STORED DATA: Begin

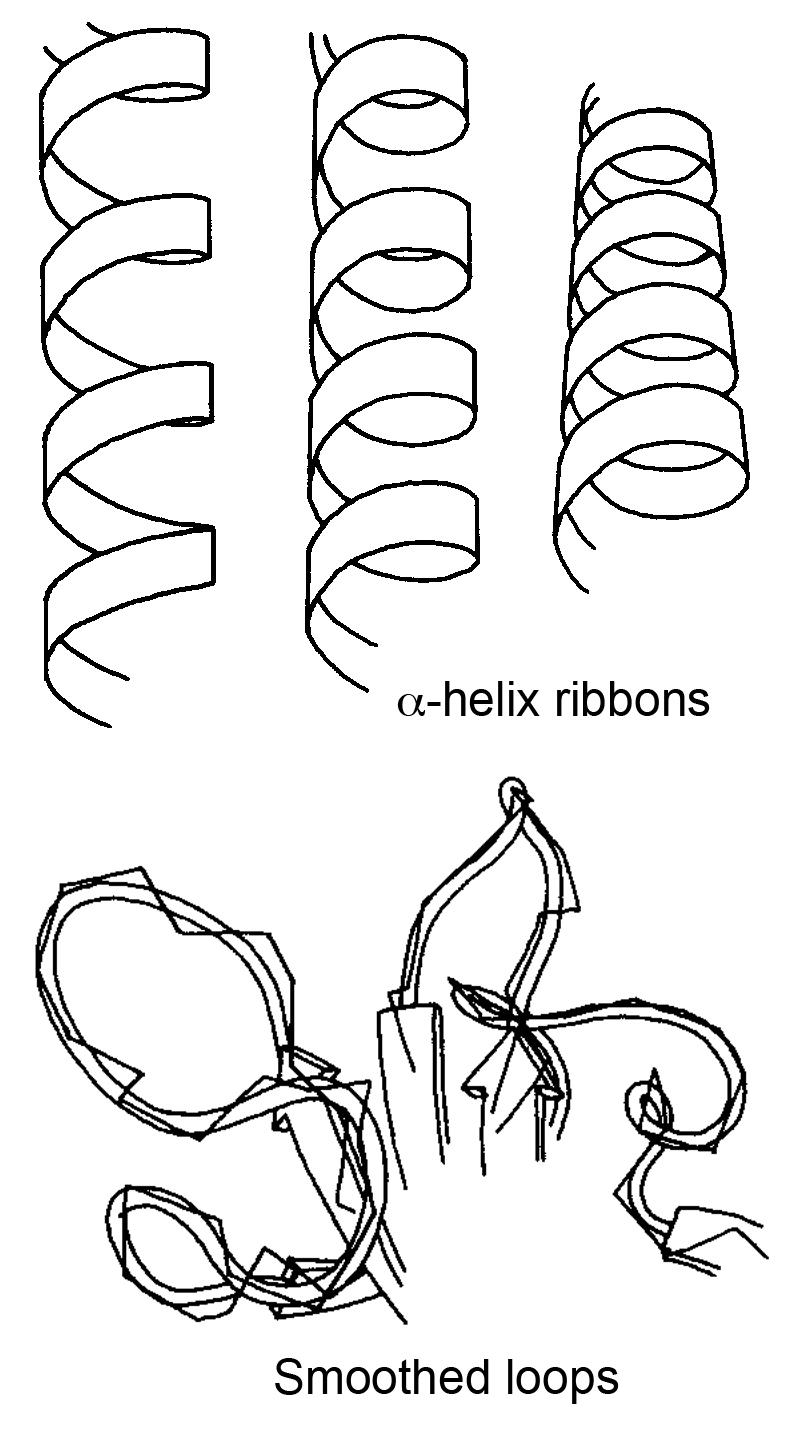 Diagram showing two types of protein secondary structures: alpha-helix ribbons and smoothed loops. Drawing features clean lines and lines that uniform in width and character.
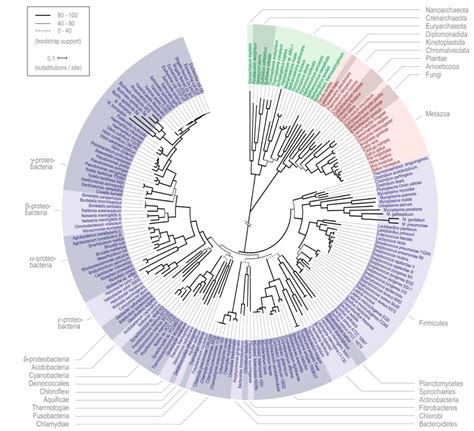 Bacteria Phylogenetic Tree - Where To Find?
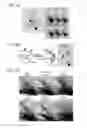 Fig. 03 - Compositions and methods for characterizing a DNA repair variant polypeptide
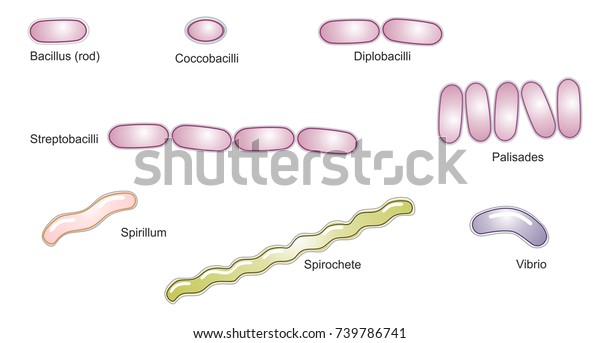 Different Types Bacteria Rod Bacillus Coccus Stock Illustration 739786741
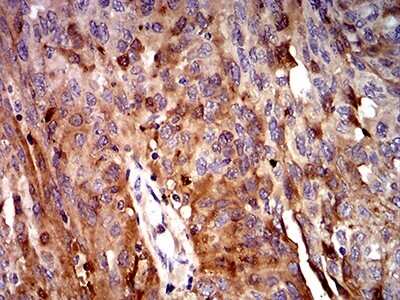 Immunohistochemistry-Paraffin: Complement C3c Antibody (4C6A8) - BSA Free [NBP2-61855]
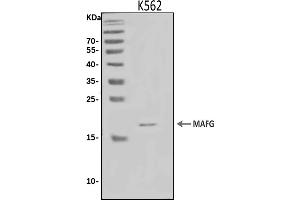 Western blot analysis of MAFG using anti-MAFG antibody (ABIN7602901).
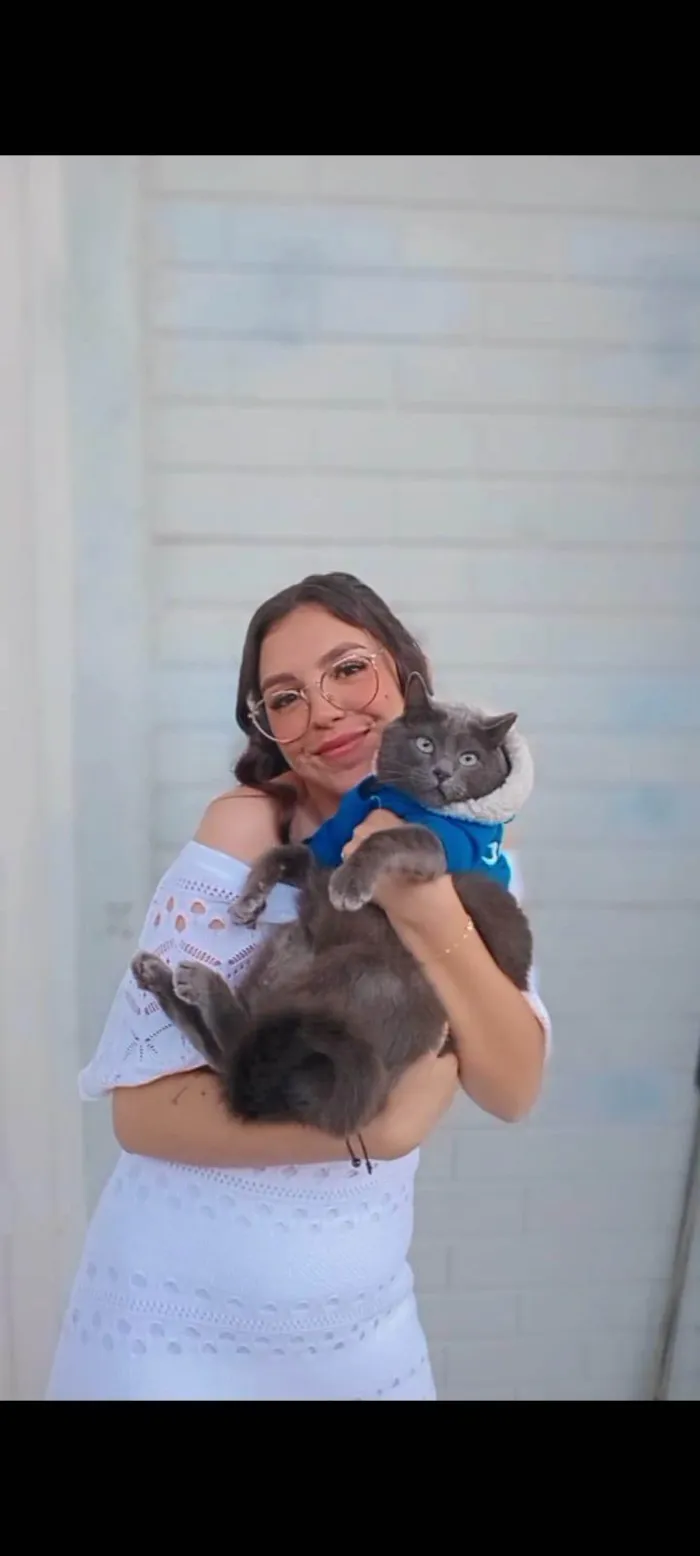 Gato ra a SRD-ViraLata idade 6 ou mais anos nome Doodles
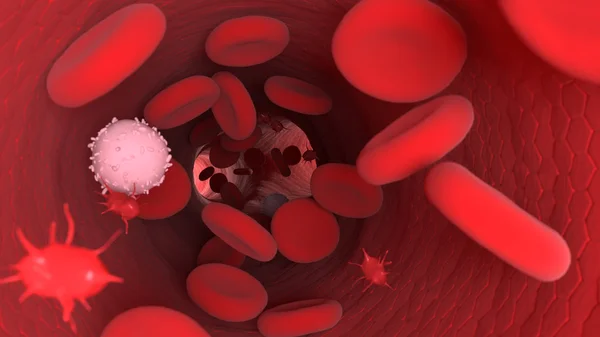 Endothelium. Red blood cells — Stock Photo, Image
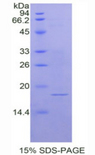 ANXA2 / Annexin A2 Protein - Recombinant Annexin A2 (ANXA2) by SDS-PAGE
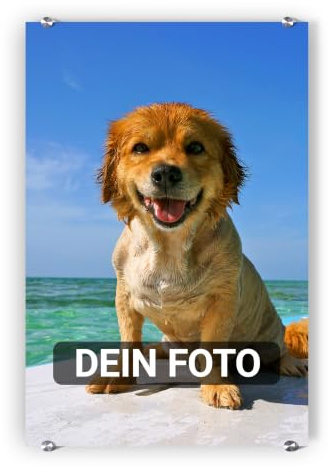 artboxONE Pixum Acrylglas 120 x 80 cm (hoch) eigenes Foto als Acrylglas - Acrylglasbild mit Wunschmotiv - Personalisierbares Geschenk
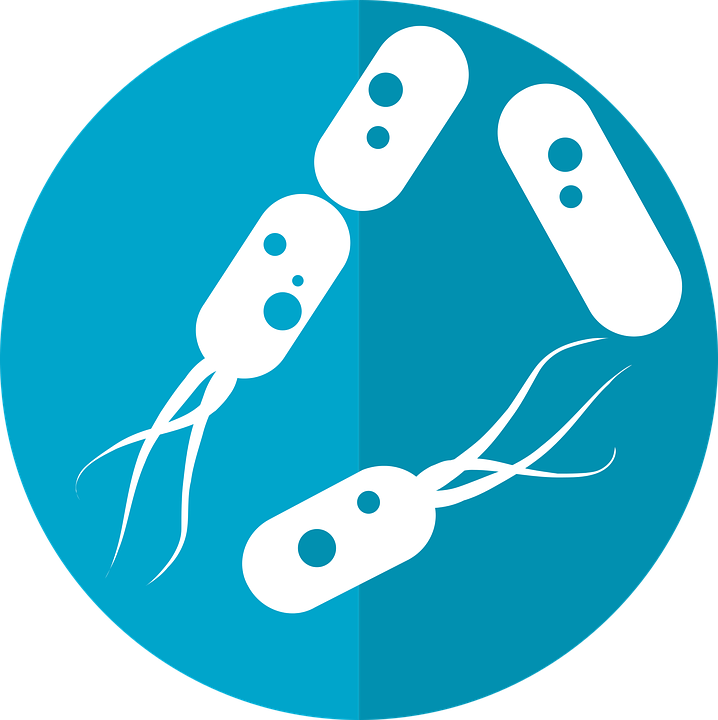 Bacteria Icon Microbiome Icon Gut Bacteria Flora - Bacteria, Transparent background PNG HD thumbnail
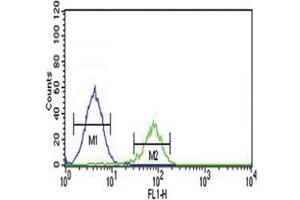 PCSK2 antibody flow cytometric analysis of K562 cells (right histogram) compared to a negative control (left histogram).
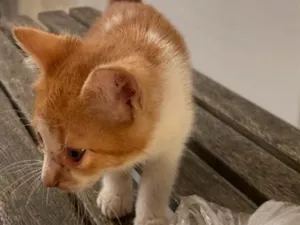 Gato raça SRD-ViraLata idade 2 a 6 meses nome Sem nome.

STORED DATA: End

Could you print all the entries exactly as they stand, with the pictures left out?

 Diagram showing two types of protein secondary structures: alpha-helix ribbons and smoothed loops. Drawing features clean lines and lines that uniform in width and character.
 Bacteria Phylogenetic Tree - Where To Find?
 Fig. 03 - Compositions and methods for characterizing a DNA repair variant polypeptide
 Different Types Bacteria Rod Bacillus Coccus Stock Illustration 739786741
 Immunohistochemistry-Paraffin: Complement C3c Antibody (4C6A8) - BSA Free [NBP2-61855]
 Western blot analysis of MAFG using anti-MAFG antibody (ABIN7602901).
 Gato ra a SRD-ViraLata idade 6 ou mais anos nome Doodles
 Endothelium. Red blood cells — Stock Photo, Image
 ANXA2 / Annexin A2 Protein - Recombinant Annexin A2 (ANXA2) by SDS-PAGE
 artboxONE Pixum Acrylglas 120 x 80 cm (hoch) eigenes Foto als Acrylglas - Acrylglasbild mit Wunschmotiv - Personalisierbares Geschenk
 Bacteria Icon Microbiome Icon Gut Bacteria Flora - Bacteria, Transparent background PNG HD thumbnail
 PCSK2 antibody flow cytometric analysis of K562 cells (right histogram) compared to a negative control (left histogram).
 Gato raça SRD-ViraLata idade 2 a 6 meses nome Sem nome.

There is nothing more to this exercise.